I get angry at small things on some days. For example as I am typing right now the computer has a delayed response between my typing and the appearance of the letters on the screen. The rage roils each time this delay causes me to respond clumsily in my typing progress.
I could turn off the BBC Wales radio station, but listening to the spoken Welsh language is more important to me than a smooth typing experience. So, I must move forward in jerky movements, and feel my rage rise steadily as I continue to write. Of course, I realize that I probably need to do some "spring cleaning" on the computer, but I don't have time right now.

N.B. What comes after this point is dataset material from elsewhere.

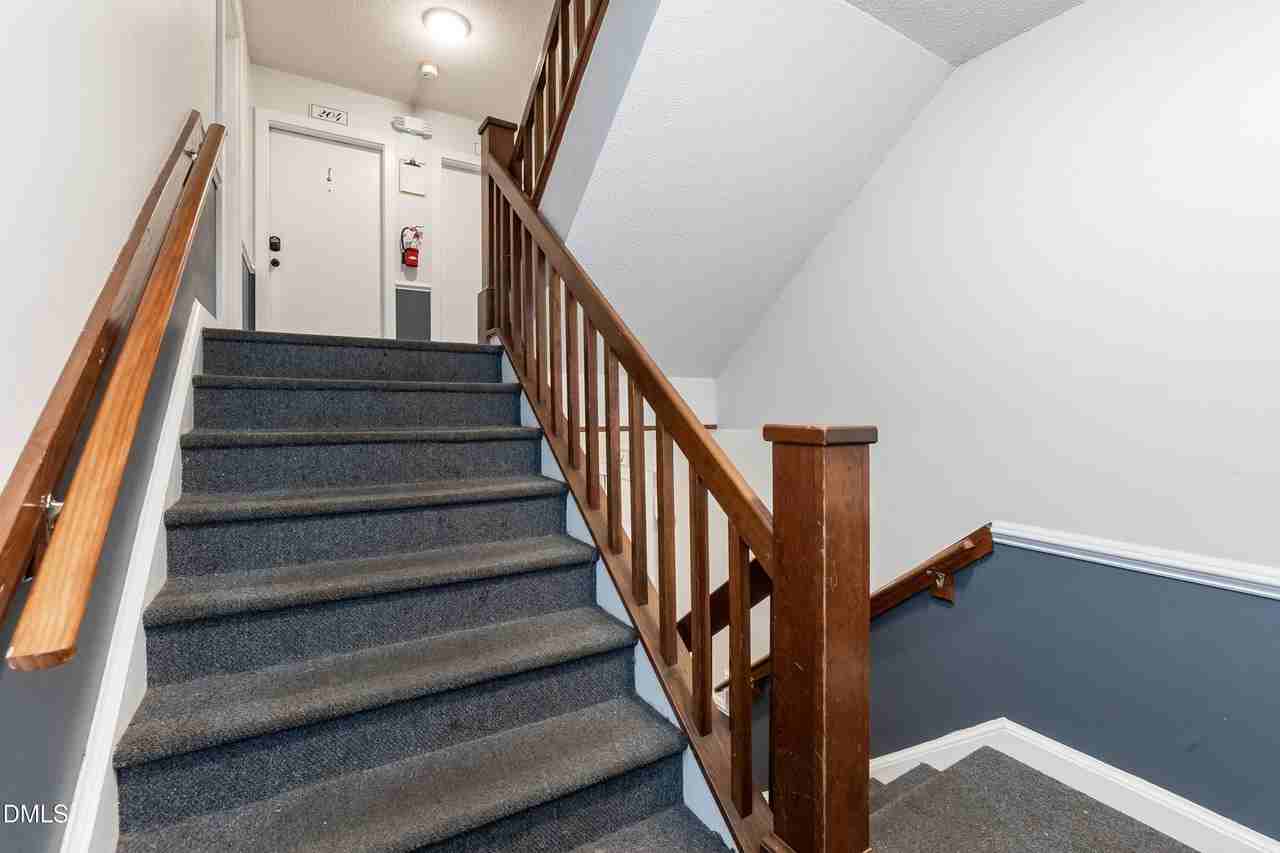 1521 Creekwood Ct #201 - Photo 4 of 27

Why am I like this right now? The small series of tragedies we have experienced are some months back. Shouldn't I feel better now?
Asking myself this question brings my mind back a few months. A lying, treacherous church leader stood close to my face, and suggested his treachery should be overlooked, and there was no place for disussion about it. To bring it up for discussion meant that I was not "moving forward, but choosing let the experience define me." At one point in the conversation he exploded in rage, and growled, "there's something deeper going on here." I suppose that was some sick Pentecostal way of getting out of being held responsible for one's sins - turn it around and accuse the other person of some deep problem which you pretend to divine by spiritual discerment.
Why is it that I am raging within lately? Did I pick up this sickness by being in the same contagious space as other sick leaders for too long? No, I know that's not the answer to the question.
The answer lies within me. I have the rage, and although it may be exaggerated by this season of stress, it lies within me nonetheless. Hopefully I have learned the lesson that it is wholly evil to lead others from the deep need to control, and that the rage which rises from a lack of control is sourced from below.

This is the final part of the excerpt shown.